Na comunitária, coloque a sua língua e o seu sotaque. Não fale como
jornalista da Globo e muito menos aja como ele. Seja sensível com as
pessoas e à realidade local. Uma emissora comunitária não pode ser
sensacionalista ou vampira. Ela deve estar consciente que faz parte da
comunidade e, portanto, o que fizer está fazendo por si, pelos seus
integrantes.
12. Serviço.
Mantenha um sistema de serviço constante. Fale das reivindicações da
comunidade. Da assembléia na fábrica. Divulgue a oferta de empregos na
região, dê os nomes de quem procura emprego. Mande avisos, recados,...
Coloque um boletim sobre cuidados básicos com a saúde, sobre qualidade
de vida, alimentação... Não esqueça, a emissora comunitária existe para
atender aos interesses do povo.
13. Entrevistas
Quando for entrevistar alguém não seja arrogante, o sabe tudo. Mesmo
que o entrevistado seja um bandido ou um mentiroso, procure mostrar
estas mentiras e seu lado mafioso, mas não discuta nem se mostre o
gostosão. Se você entende do assunto deixe que ele se enrede nas suas
perguntas e não nas suas opiniões. Seja sutil. Se é um programa de
entrevistas e você sabe antecipadamente que o entrevistado andou
aprontando, é um ladrão, então estude, prepare-se, e ataque mas usando
informações precisas, com base em documentos. Nunca diga: "-
eu ouvi dizer que o senhor andou levando dinheiro". Em
jornalismo não se coloca "ouvi dizer". Ou você diz
qual foi a fonte, ou então fala de outro modo: "- recebemos
informações não-oficiais, ou, por fonte oficial, que não posso revelar
o nome, que o senhor teria se apropriado...". Há uma diferença
muito grande entre as duas perguntas: no primeiro caso você acusou o
entrevistado de ladrão; no segundo, levantou a possibilidade, através
de uma denúncia, não confirmada, de que ele poderia ser um ladrão. No
primeiro caso, você pode ser processado por calúnia.

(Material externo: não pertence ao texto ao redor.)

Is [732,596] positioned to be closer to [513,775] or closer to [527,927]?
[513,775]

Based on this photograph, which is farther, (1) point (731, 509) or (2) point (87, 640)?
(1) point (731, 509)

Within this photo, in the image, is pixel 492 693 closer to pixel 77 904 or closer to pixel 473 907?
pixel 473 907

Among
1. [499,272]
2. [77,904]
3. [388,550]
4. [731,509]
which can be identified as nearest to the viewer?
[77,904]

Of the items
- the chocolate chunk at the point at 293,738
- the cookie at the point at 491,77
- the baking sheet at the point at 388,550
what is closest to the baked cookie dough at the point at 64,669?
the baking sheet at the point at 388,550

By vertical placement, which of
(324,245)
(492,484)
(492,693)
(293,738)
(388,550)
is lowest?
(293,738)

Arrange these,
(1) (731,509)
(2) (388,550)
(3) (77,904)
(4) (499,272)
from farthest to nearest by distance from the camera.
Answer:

No segundo, não.
Mas ainda assim pode ser ruim, porque o entrevistado pode pedir provas,
e se você não tiver perde seu respeito diante dos ouvintes.

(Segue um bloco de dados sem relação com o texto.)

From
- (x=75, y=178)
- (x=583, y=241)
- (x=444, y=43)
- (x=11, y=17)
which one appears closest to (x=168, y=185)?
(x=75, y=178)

Em suma, nunca acuse ninguém de nada, sem ter provas. Toda acusação sem provas é uma calúnia, e aí dá processo.
Programas policiais
Nenhuma rádio comunitária pode ter programa policial. Deixe isso para
as rádios comerciais que se alimentam da miséria humana. Faça, pelo
contrário programas/debates sobre direitos humanos, qualidade de vida...
Temas sociais
É importante que a rádio comunitária aborde questões que dizem respeito
à comunidade e ao país. Promova debates sobre questões como reforma
agrária, direitos humanos, educação, aborto, política, saúde, sem-teto,
democratização dos meios de comunicação... Procure sempre colocar os
dois lados do tema - aqueles que são contra e aqueles que são
favoráveis.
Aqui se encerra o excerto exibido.